### WHAT IS REQUIRED:
In the listing below, the lines starting at the line with "Photo - 515 E 9th St" and ending at the line with "PRO HD 400 caretaker" are to be output verbatim. Images stay out of the copy.

### DATA SECTION:
* * *

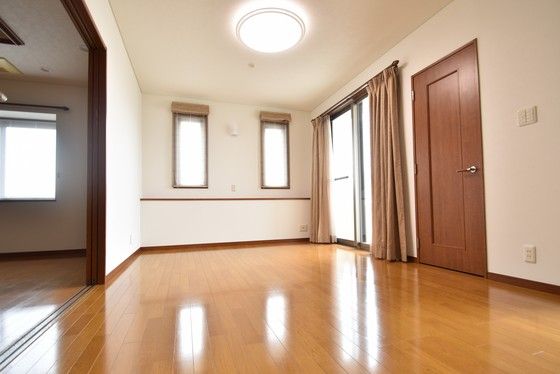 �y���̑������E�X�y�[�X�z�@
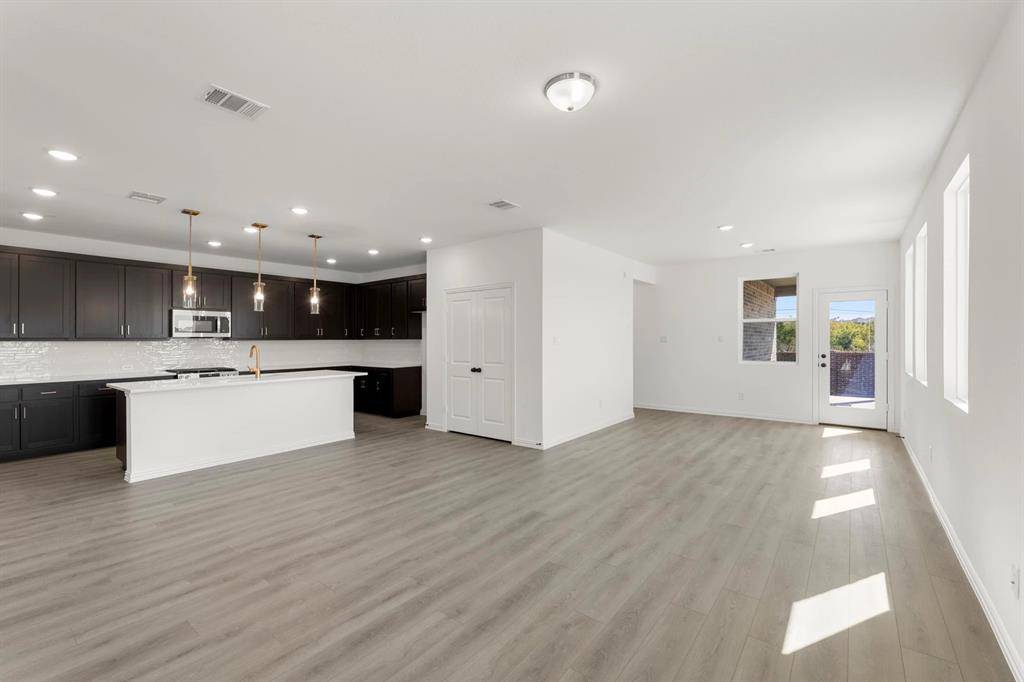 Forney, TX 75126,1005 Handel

* * *

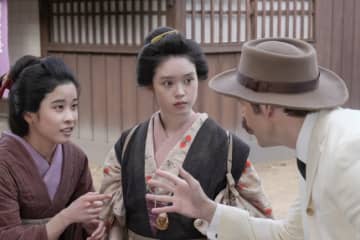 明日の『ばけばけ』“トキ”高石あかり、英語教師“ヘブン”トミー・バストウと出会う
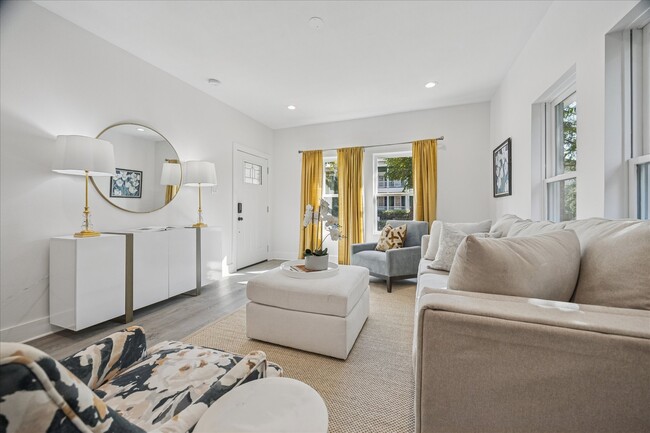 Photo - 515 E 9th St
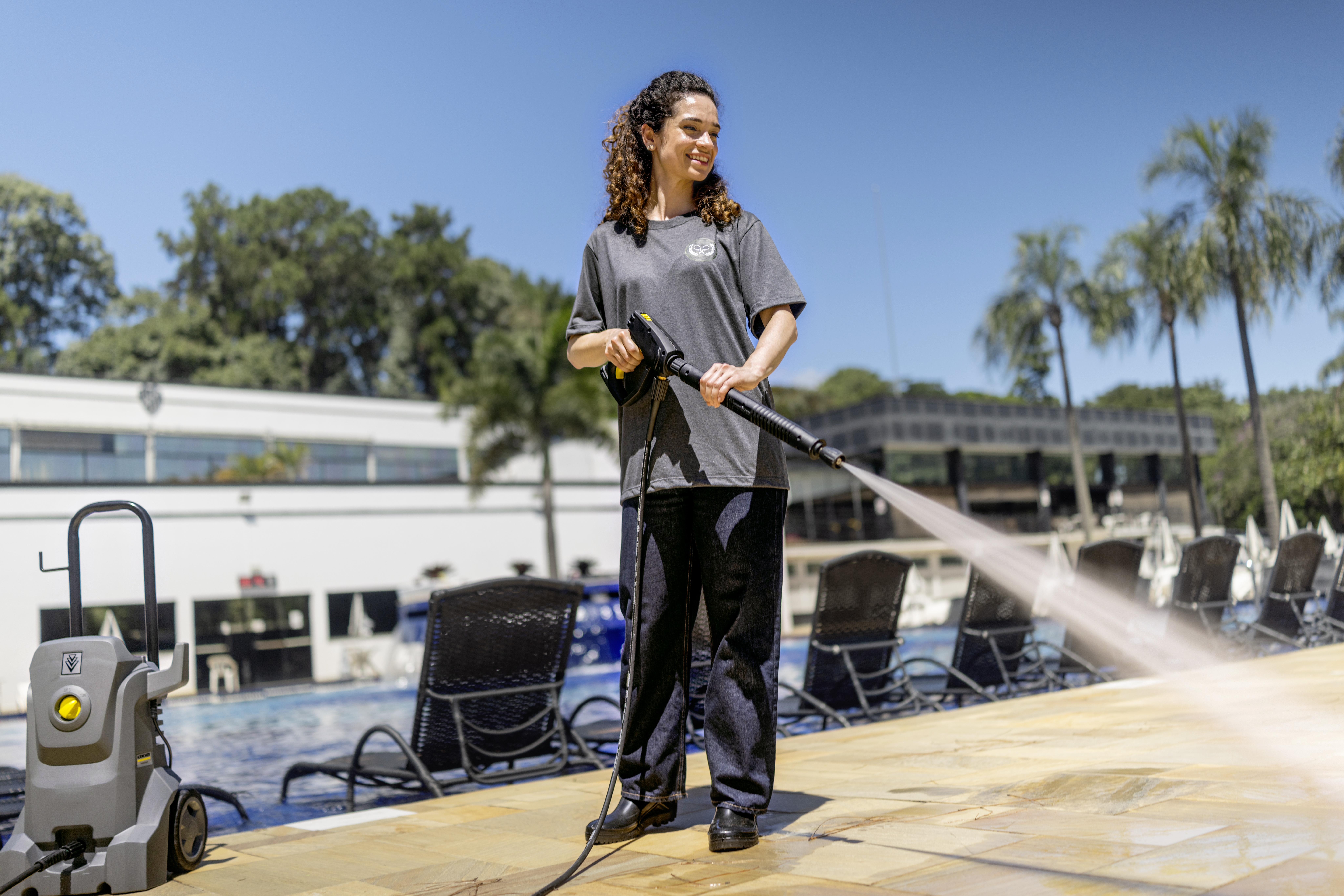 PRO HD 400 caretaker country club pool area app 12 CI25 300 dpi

* * *

### RESULT OF THIS EXERCISE:
 Photo - 515 E 9th St
 PRO HD 400 caretaker country club pool area app 12 CI25 300 dpi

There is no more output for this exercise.